“The most effective way to avoid the symptoms of alcohol induced hangover is to avoid drinking.” – British Medical Journal.
What usually follows 1 Tequila Shot, 2 Beers, 3 Rum and Cokes, and 4 glasses of Wine? Heaven, if you are well prepared. If not, the following:
Loss of Appetite
Increased Blood Pressure and Heart Beats
The main reason for a hangover, morning after, is an empty stomach meeting high spirits.
Yes, pouring alcohol down on an empty stomach trigger many reactions in our body. Firstly, direct reaction of alcohol on the stomach lining causes nausea; Then, Ethanol in any alcoholic drink causes dehydration, because of excessive urination. This leads to dryness of the mouth and lethargy.
Another organ severely affected by alcohol consumption is the liver. Excessive alcohol reduces the liver’s capability to produce detoxifying agents that help in blood purification. Also, components in alcohol prevent liver to produce the blood glucose, required for the brain. Since glucose is the main source of energy for the brain, lack of it results in fatigue, weakness, mood swings and reduced attention and concentration.
Also, too much urination, leads to draining the body of Potassium, Magnesium and salts, crucially required for proper nerve, muscle and cell functioning.
In our brain, it stimulates the pituitary gland, to block the creation of vasopressin. This leads the kidneys to send water, directly to the bladder, instead of absorbing in the body. When too much water is released from the body, before it could be compensated, the body tries to absorb water from the brain tissues, causing headaches and anxiety.
A full meal before you start downing the alcohol goes a long way to make the morning after, much better. Having food with high-carbohydrate content before drinking, delays the absorption of alcohol, thus giving more time to the body to process it.
Understanding your drink is also important. During the fermentation of a drink, congeners are produced, which contribute to the color of the drink. Darker drinks have more congeners, therefore, give you a worse hangover. Opt for vodka, rather than bourbon.
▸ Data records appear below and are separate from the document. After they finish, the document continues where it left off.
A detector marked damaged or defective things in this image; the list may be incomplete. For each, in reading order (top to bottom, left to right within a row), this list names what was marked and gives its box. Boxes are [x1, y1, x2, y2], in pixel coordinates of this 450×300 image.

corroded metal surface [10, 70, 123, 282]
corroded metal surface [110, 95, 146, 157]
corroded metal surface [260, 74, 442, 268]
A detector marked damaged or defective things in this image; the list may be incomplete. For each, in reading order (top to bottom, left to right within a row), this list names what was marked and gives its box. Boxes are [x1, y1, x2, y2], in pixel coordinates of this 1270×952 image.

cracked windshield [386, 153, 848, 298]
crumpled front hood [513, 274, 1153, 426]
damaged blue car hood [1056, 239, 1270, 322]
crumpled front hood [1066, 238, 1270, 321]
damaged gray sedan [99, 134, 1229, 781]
Alternating drinks with a glass of water prevents dehydration. For more effective results, add salt and sugar to replenish lost sodium and glycogen to the frequent loo visits.
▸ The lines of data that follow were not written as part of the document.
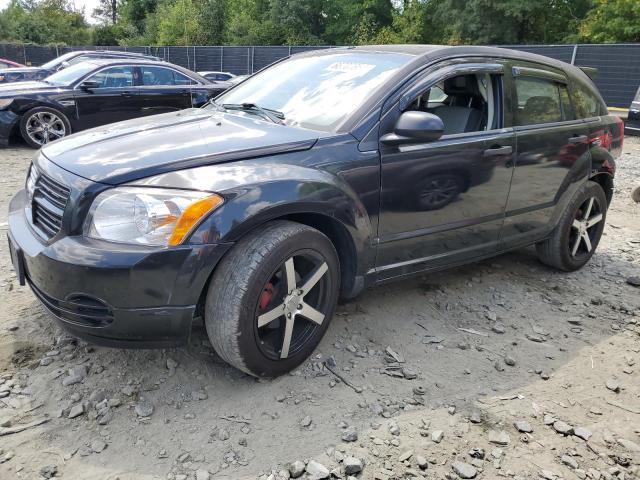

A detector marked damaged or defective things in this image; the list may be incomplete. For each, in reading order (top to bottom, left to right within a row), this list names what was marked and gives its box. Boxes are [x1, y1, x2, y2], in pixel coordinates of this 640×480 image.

damaged hatchback car [7, 45, 624, 376] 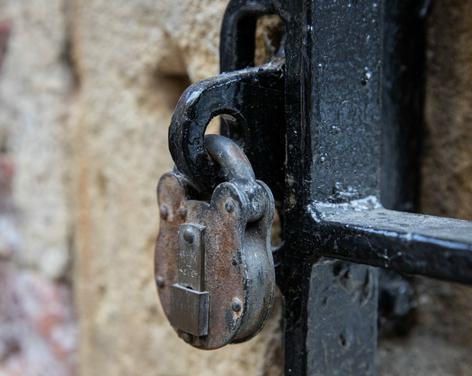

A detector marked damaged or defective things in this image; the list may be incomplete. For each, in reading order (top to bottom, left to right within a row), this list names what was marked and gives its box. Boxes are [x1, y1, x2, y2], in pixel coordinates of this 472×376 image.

rusty metal surface [156, 136, 272, 350]
rusty padlock [155, 135, 274, 350] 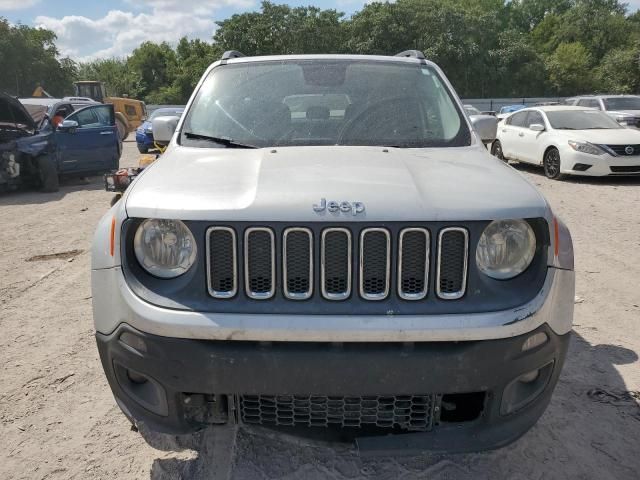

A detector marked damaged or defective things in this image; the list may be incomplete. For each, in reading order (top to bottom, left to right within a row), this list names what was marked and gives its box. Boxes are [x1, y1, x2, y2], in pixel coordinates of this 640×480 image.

damaged car [0, 93, 121, 192] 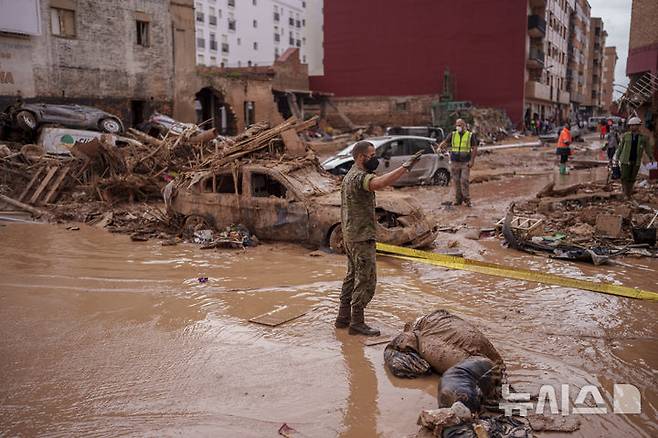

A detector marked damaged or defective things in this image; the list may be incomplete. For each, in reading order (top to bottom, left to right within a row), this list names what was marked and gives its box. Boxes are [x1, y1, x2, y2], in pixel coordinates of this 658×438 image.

wrecked car [3, 102, 123, 133]
wrecked car [320, 135, 452, 186]
wrecked car [167, 162, 438, 252]
flood-damaged street [1, 139, 656, 436] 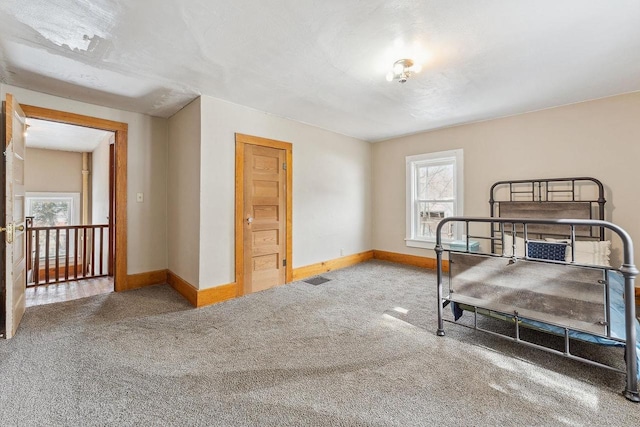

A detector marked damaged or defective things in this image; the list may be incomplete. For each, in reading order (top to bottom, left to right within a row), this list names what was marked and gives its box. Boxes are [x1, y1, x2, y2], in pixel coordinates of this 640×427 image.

peeling ceiling paint [1, 0, 640, 141]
Keep an aspirin/ibuprofen handy and pop it with a full glass of water, before sleeping. It is suggested to decrease the severity of hangover.
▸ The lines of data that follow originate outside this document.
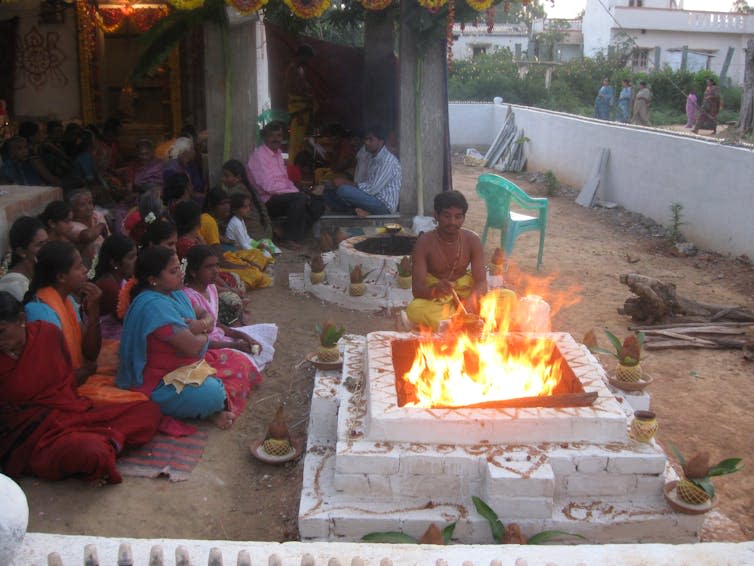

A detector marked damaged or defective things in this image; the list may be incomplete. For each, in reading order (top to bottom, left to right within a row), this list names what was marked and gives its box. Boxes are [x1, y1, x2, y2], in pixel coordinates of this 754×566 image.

burnt wood in pit [354, 235, 418, 258] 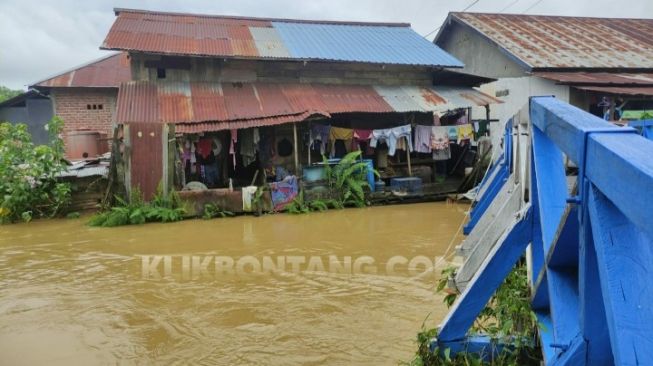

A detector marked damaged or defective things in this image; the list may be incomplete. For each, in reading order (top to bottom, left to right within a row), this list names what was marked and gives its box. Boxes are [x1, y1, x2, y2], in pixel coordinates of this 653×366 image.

rusty corrugated metal roof [100, 8, 464, 67]
rusty corrugated metal roof [436, 12, 653, 70]
red rusted roof panel [450, 13, 652, 69]
rusty corrugated metal roof [31, 52, 131, 88]
red rusted roof panel [33, 52, 131, 88]
rusty corrugated metal roof [114, 81, 500, 132] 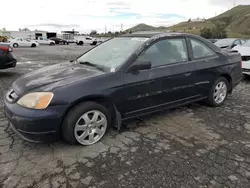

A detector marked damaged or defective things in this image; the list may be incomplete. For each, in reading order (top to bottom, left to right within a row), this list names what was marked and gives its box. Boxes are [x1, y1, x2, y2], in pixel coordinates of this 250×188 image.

cracked pavement [0, 44, 250, 187] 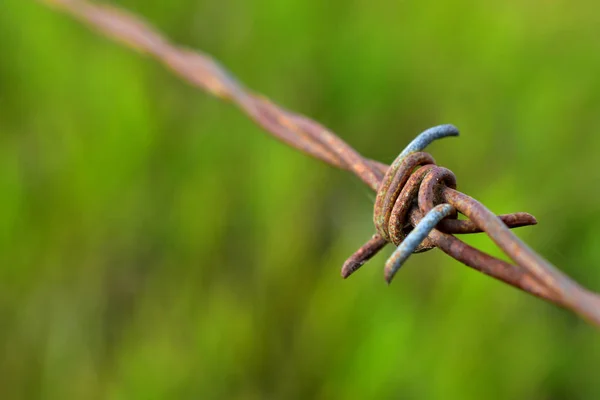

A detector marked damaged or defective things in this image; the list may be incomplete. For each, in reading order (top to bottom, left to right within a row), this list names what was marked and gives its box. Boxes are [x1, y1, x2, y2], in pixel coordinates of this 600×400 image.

rusty barbed wire [41, 0, 600, 324]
Since time, there have been many breakfast remedies for a hangover, some as radical as raw owl’s eggs or fried canary, to raw egg yolk mixed with Worcestershire sauce, Tabasco sauce, salt and pepper. Other relics include Coco-Cola with milk, Tomato juice with beer, Equal parts Champagne with flat Guinness stout. Though, none have been authenticated, so we’ll stick to more normal, modern day recipes.
Eggs: contain cysteine, which helps break the hangover causing toxins.
Fruit Juice: has Fructose, which increases body energy levels.
Bananas: replenish lost Potassium, as well as electrolytes.
Wheatgrass Juice: is a natural detoxifier, cleanses the liver and assists with the elimination of body waste.
Hair of the Dog: More alcohol will only postpone the hangover symptoms, not cure it.
Cold-Hot-Cold water bath: medically proven unsafe.
Caffeine: inhibits energy, hydration and rest, required by the body to recover from a hangover.
It is often said that hangovers grow worse as one age; production of the enzymes required to metabolized alcohol slows down with age, therefore, it’s better to limit the intake from what you thought was your threshold during college time. So prepare yourself for a hangover-free festive season, instead of alcohol-free festivities.
With the holiday and festive season around the corner, celebrations on a roll and the drinks flowing the likelihood of a morning-after hangover scenario increases for many.
Follow some of these tips and you won’t be feeling like this the next the morning!